Engine longevity depends more on how robust the construction is rather than the number of cylinders.

There have been some strange engines over the years... Early Ferraris used 1.6 and 2.0 V12s... And there are big industrial diesels with three, two and even single cylinder layouts.

For modern engines, not only do fewer cylinders mean less friction, they also allow you to more easily package multiple valves, dual spark plugs and/or direct injection hardware. Going down to three cylinders makes it more feasible to make small diesels with direct injection. Vibration may cause longevity issues, or they may not. Four bangers aren't well balanced either, without balancer shafts or DMFs, but they tend to last a long time, anyway.

[Big time]

Quote:

Originally Posted by jeff88

So it seems the general consensus is to use an engine with less cylinders. This makes sense as using less cylinders means using less gas. My question is why not use more cylinders that are smaller. So for example,

2 Engines, each 1.8 liters:
- Engine 1: 4 cylinder engine (.45 liters per cylinder) (ex. 79x91.5 borexstroke)
- Engine 2: 8 cylinder engine (.225 liters per cylinder) (ex. 39.5x45.75 borexstroke)

In the end, you still have the same size engine, just the bore and stroke is exactly 1/2 the size of Engine 1 with half the cylinders, but double the size cylinder. I'm thinking this might be more efficient as more cylinders will fire per revolution of the crankshaft.

Any thoughts?

I think it's because of manufacturing costs.
Usually people interested in mpg also have a limited budget to purchase the car.
It would be interesting to discuss if a shorter stroke would mean less torque?

[JRMichler]

I have an old SAE paper on exactly this: Bishop, I., "Effect of Design Variables on Friction and Economy," SAE Technical Paper 640807, 1964, doi:10.4271/640807.

For a given power at a given RPM, fewer cylinders have less friction and burn less fuel. But more cylinders with less displacement per cylinder can run higher RPM, and thus get more total power.

When the priority is MPG, the solution is the least number of cylinders that meet overall requirements of smoothness, noise, driveability, etc.

[ksa8907]

Quote:

Originally Posted by Big time

I think it's because of manufacturing costs.
Usually people interested in mpg also have a limited budget to purchase the car.
It would be interesting to discuss if a shorter stroke would mean less torque?

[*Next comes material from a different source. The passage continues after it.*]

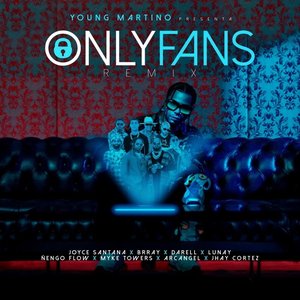 Only Fans (Remix)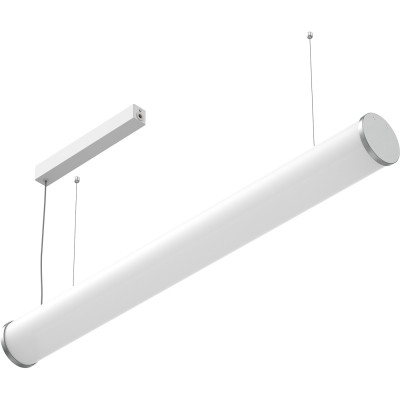 Светильник светодиодный T120 1150 LED (19W) 1-10V 20Вт 3000К подвесной СТ 1250000200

A shorter stroke generally will result in less torque because you lose leverage on the crankshaft. However, increasing the bore will allow for more pressure from combustion on the piston.

My 3.2 v6 is an 81mm stroke by 92mm bore, peak tq of 220@4400rpm and peak hp of 220@6600rpm. Decent low torque, but is pretty motivating above 4k.

[RobertISaar]

(sigh)

will the bore vs stroke "debate" ever end?

torque is largely a function of displacement(regardless of bore/stroke) and compression(not just static compression, dynamic is the key here).

horsepower is calculated from torque at RPM, nothing more.



with VERY few exceptions(all of which are still labratory engines, IIRC) bore/stroke doesn't change(though # of effective cylinders can in certain engines), but you can certainly alter dynamic compression(and some engines even change static compression, but i don't think any are very common).

nearly everything these days uses VVT, which is a good example of that. throttling also plays in as well.



anyways, point is, if you want more torque, you need more dynamic compression or displacement. if you're looking for more power, you need to be able to stuff large amounts of air(and fuel) into the cylinders at higher RPMs, since the horsepower equation "favors" higher engine speeds(since producing the same amount of torque at 2000 RPM compared to 4000 RPM is a doubling in horsepower).

so, in the end, compression and displacement determine torque, the ability to keep large amounts of air flowing at higher RPMs determines HP. the fact that engines that have more bore than stroke GENERALLY do better at higher RPM is due to it being easier to keep airflow up with larger ports that sacrifice low RPM volumetric efficiency(which plays a big part in dynamic compression). there are methods to keep airflow coming at higher RPM without sacrificing low-RPM operation, but they're less "simple". they are becoming more mainstream though(VVT, turbochargers, multiple intake paths, etc).